Entscheidend für die Abgrenzung der Mitbestimmung beim Entzug von Teilaufgaben ist allerdings grundsätzlich die jeweilige Ausgestaltung der individuellen Tätigkeit.
So kann bspw. ein Entzug von Funktionen in Höhe von 20 % der Arbeitszeit bei einer bestimmten Tätigkeit keine wesentliche Rolle spielen, hingegen ein Entzug von Teilaufgaben von 8 % bei einer anderen Tätigkeit durchaus relevant sein.
Quantitative Untergrenze ist umstritten
Es wird unter Fachleuten heftig diskutiert, ob es eine quantitative Untergrenze gibt, bei der der Entzug oder die Hinzufügung von Teilfunktionen regelmäßig als unerheblich anzusehen sind.

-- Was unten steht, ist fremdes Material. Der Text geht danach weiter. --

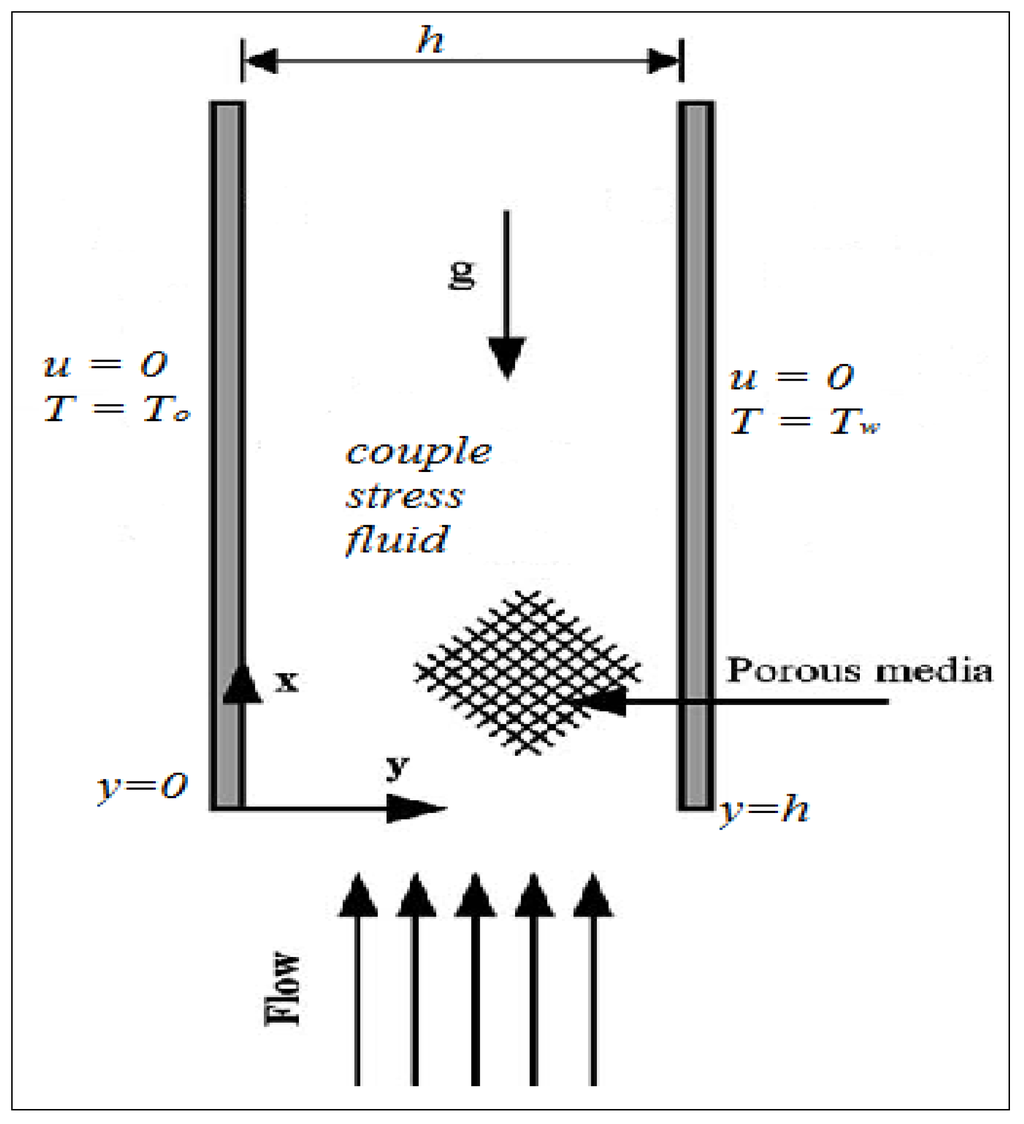 Entropy 15 04589 g001 1024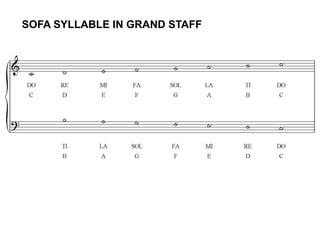 SOFA SYLLABLE IN GRAND STAFF
 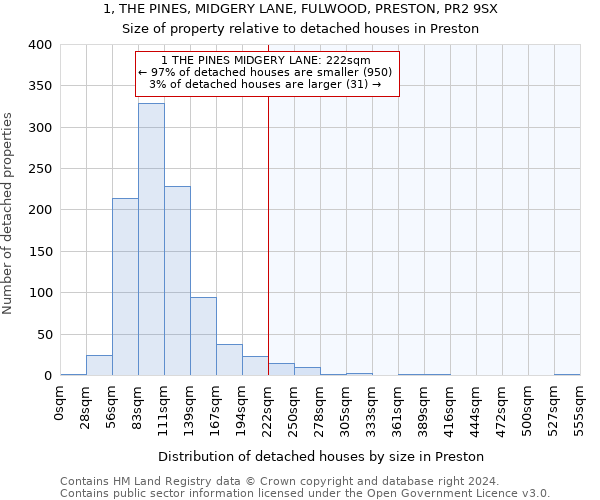 1, THE PINES, MIDGERY LANE, FULWOOD, PRESTON, PR2 9SX: Size of property relative to detached houses in Preston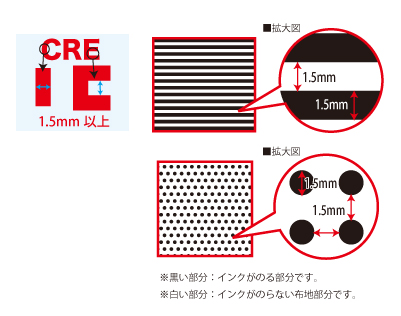 線の太さ：フルオーダー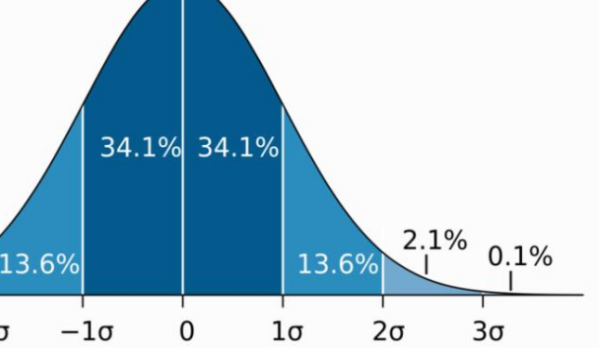 59631.cσm查询澳彩资料,连贯性方法执行评估_QUZ49.250极速版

Meist wird hier eine Grenze von 20 % genannt. Das Bundesarbeitsgericht hat sich diesbezüglich noch nicht dazu geäußert – es bleibt also spannend.
Tipp
Das Thema Mitbestimmungsrecht bei Versetzungen sollten Arbeitgeber und Personalverantwortliche nicht unterschätzen. Die meisten Betriebsräte reagieren hier empfindlich – und zwar nicht nur, wenn es um ein selbst betroffenes Mitglied wie in der Düsseldorfer Entscheidung geht.

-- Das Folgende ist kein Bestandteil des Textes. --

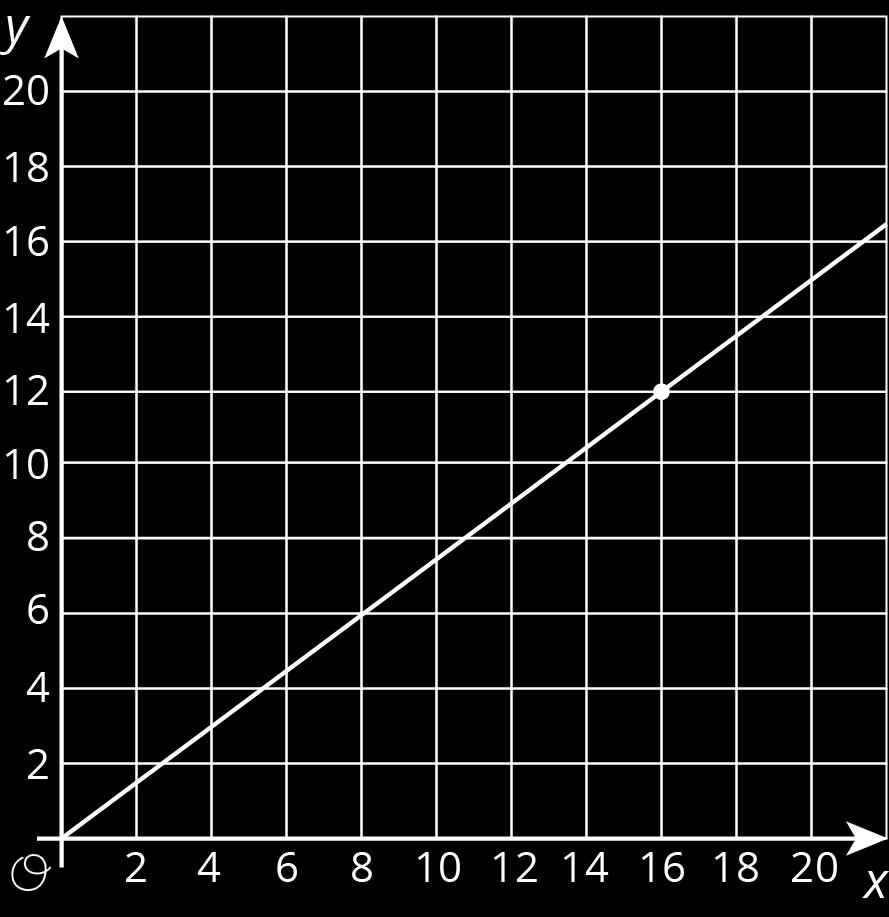 Unit 2, Lesson 11: Interpreting Graphs of Proportional Relationships Let s read stories from the graphs of proportional relationships. 11.1: What Could the Graph Represent?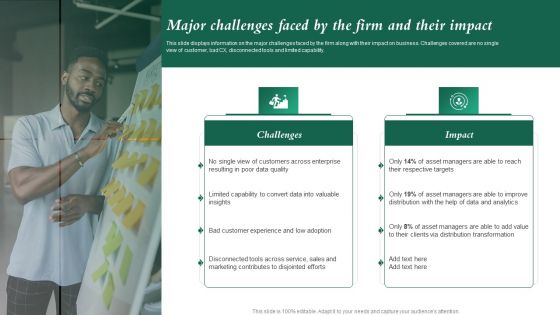 Major Challenges Faced By The Firm And Their Impact Investment In Latest Technology To Ensure Template PDF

Mitbestimmungspflichtige Versetzungen in der Praxis
Grundvoraussetzung für die Mitbestimmungspflicht ist – wie erwähnt – die Zuweisung eines anderen Arbeitsbereichs. Dies kann durch
- Zuweisung eines anderen Arbeitsorts,
- Zuweisung einer anderen Arbeitsabteilung,
- Zuweisung einer anderen Arbeitstätigkeit,
- ausdrückliche oder schleichende Erweiterung des bisherigen Aufgabenbereichs,
- ausdrückliche oder schleichender Entzug von Teilaufgaben, soweit diese der bisherigen Tätigkeit das Gepräge gab (s. o.) oder
- durch die erhebliche Veränderung der Umstände, unter denen die Arbeit zu leisten ist,
geschehen. In diesen Fällen sollte der Arbeitgeber grundsätzlich um Zustimmung des Betriebsrats nachsuchen.
Aufpassen
Das Mitbestimmungsrecht des Betriebsrats greift allerdings immer erst dann ein, wenn die Zuweisung eines anderen Arbeitsbereichs länger als einen Monat andauern soll.
Auch in Fällen, in denen der Arbeitnehmer aufgrund der besonderen Eigenart des Arbeitsverhältnisses nicht an einen bestimmten Arbeitsort bzw. Arbeitsplatz gebunden ist (bspw. Monteure), entfällt das Mitbestimmungsrecht.